= Connected Earth =

UK network of museums

Connected Earth was a UK network of organizations, primarily museums, that preserve the history of telecommunications in the UK.

Heritage artifacts are physically sent to Connected Earth partners and other institutions as appropriate, and are brought together again online through virtual galleries, searchable catalogues and educational resources at its website.

==Background==
Connected Earth was founded by BT in 2001 and grew from its commitment to the UK's telecommunications heritage.
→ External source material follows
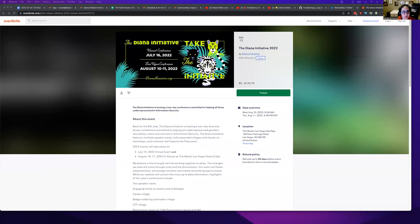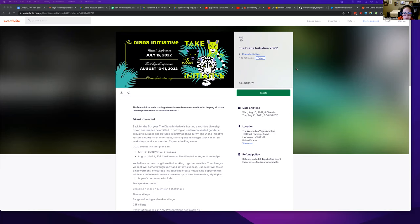If you received a code to get a special kind of ticket, like a sponsor, volunteer, or speaker ticket, I wanted to show you how to get those.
By working with institutional partners, the network aimed to ensure that the UK's telecommunications heritage should be both accessible and assured for future generations.

==Partners==
The Connected Earth partners were Amberley Museum & Heritage Centre, Avoncroft Museum of Historic Buildings, Bawdsey Radar, BT Archives, Goonhilly Satellite Earth Station, Milton Keynes Museum, Museum of London, Museum of Science and Industry Manchester (MoSI), Porthcurno Telegraph Museum, National Museums of Scotland, the Science Museum, the University of Salford, the Institute of Engineering and Technology and the Institute of Telecommunications Professionals. Partners will receive funding from BT for 10 years to help with hosting and management. Goonhilly Satellite Earth Station was a previous partner.

Each partner focused on a different aspect of telecommunications history. Five partners – Amberley, Avoncroft, Goonhilly, Museum of Science and Industry in Manchester and National Museum of Scotland – have hosted dedicated Connected Earth galleries, while others incorporate Connected Earth artefacts into their existing galleries.

==Collections==
Together the Connected Earth partners aimed to tell the history of communications in the UK and from the UK to overseas. Through Connected Earth, artefacts as diverse as Hughes printing telegraph, electrophone table, the tuning coil from Rugby Radio Station, telephone kiosks, the first transatlantic telegraph cable, are preserved and accessible for visitors.

Partners continue to collect contemporary communications artefacts and work with other organisations to ensure that the history of communications is preserved.

Through People's Connected Earth, partners also collected stories and memories from the general public and people who worked in the industry.